• _Exercise aim_: What you hand back must match the records word for word, with no pictures.

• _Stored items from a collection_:
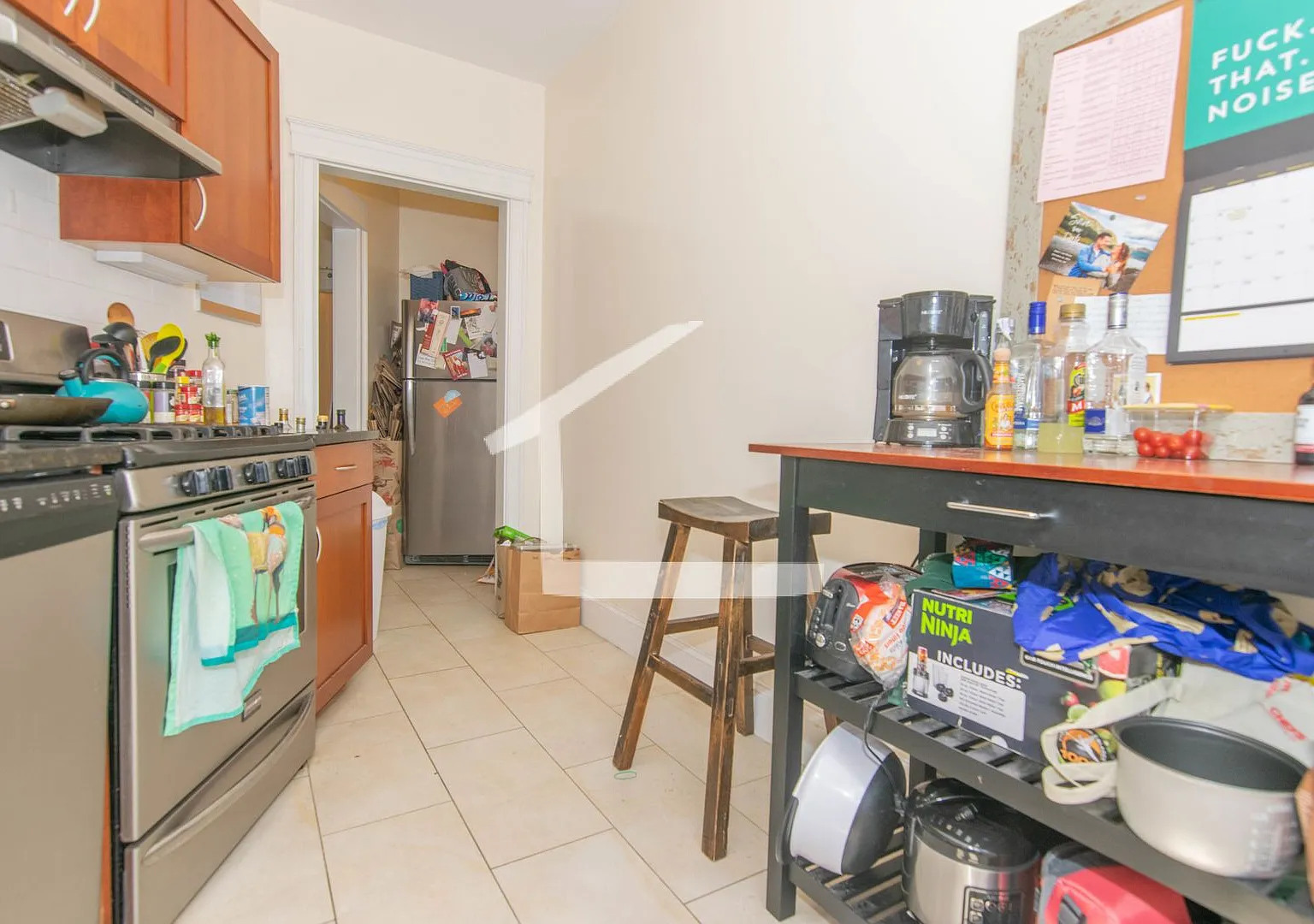 Beautifully updated 3 bed unit next to the Green Line in Allston. — Photo 1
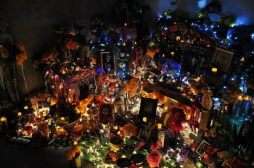 Dia de los Muertos Ofrenda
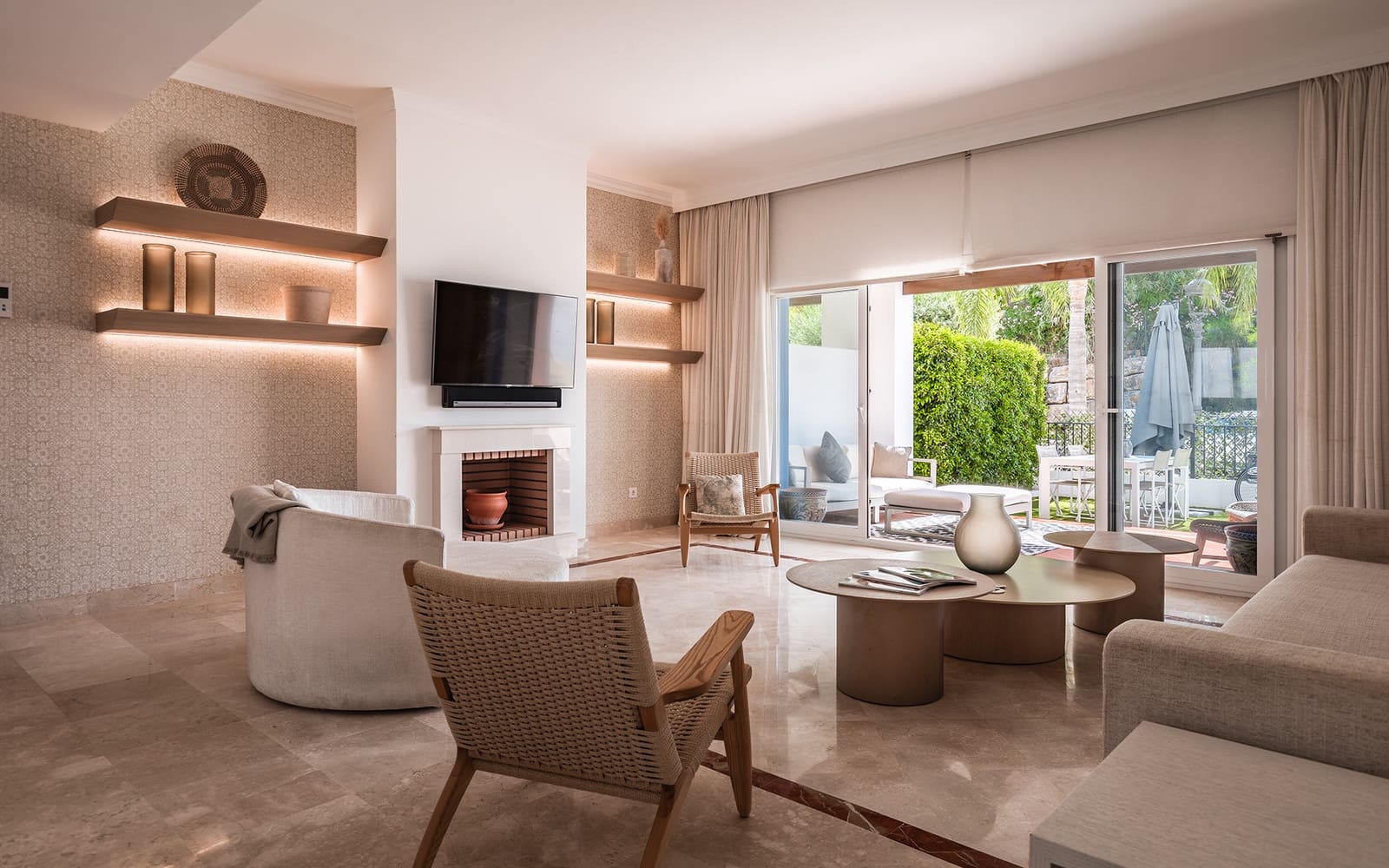 2 bedroom Apartment for sale in Benahavis with pool garage - € 450,000 (Ref: 9494824)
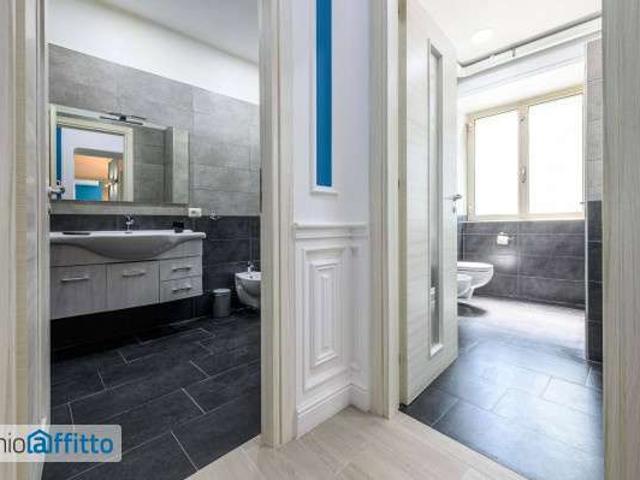 Appartamento in affitto a Municipalità 2, Campania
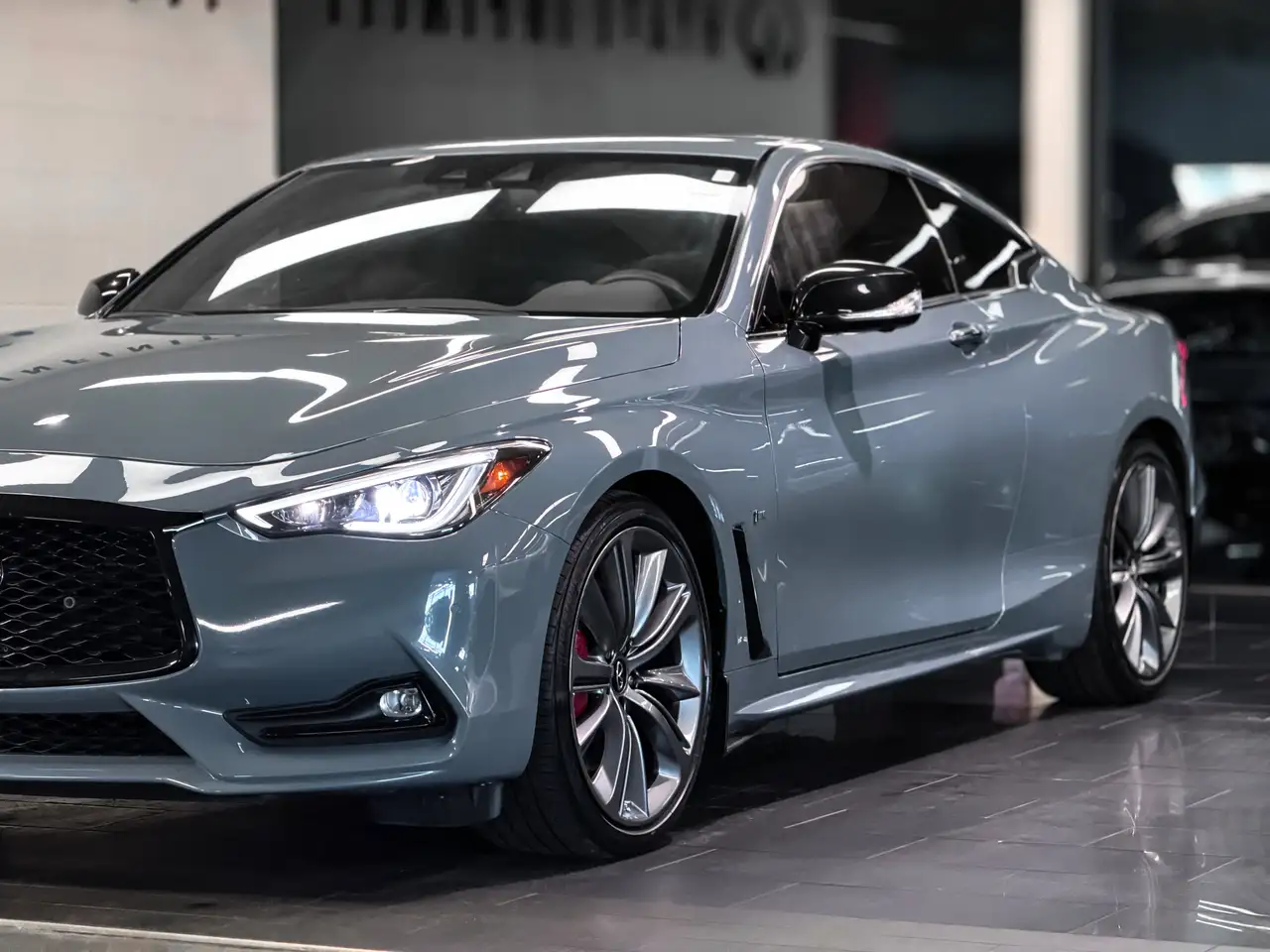 Infiniti Q60 снимка Infiniti Q60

• _Written solution_:
 Beautifully updated 3 bed unit next to the Green Line in Allston. — Photo 1
 Dia de los Muertos Ofrenda
 2 bedroom Apartment for sale in Benahavis with pool garage - € 450,000 (Ref: 9494824)
 Appartamento in affitto a Municipalità 2, Campania
 Infiniti Q60 снимка Infiniti Q60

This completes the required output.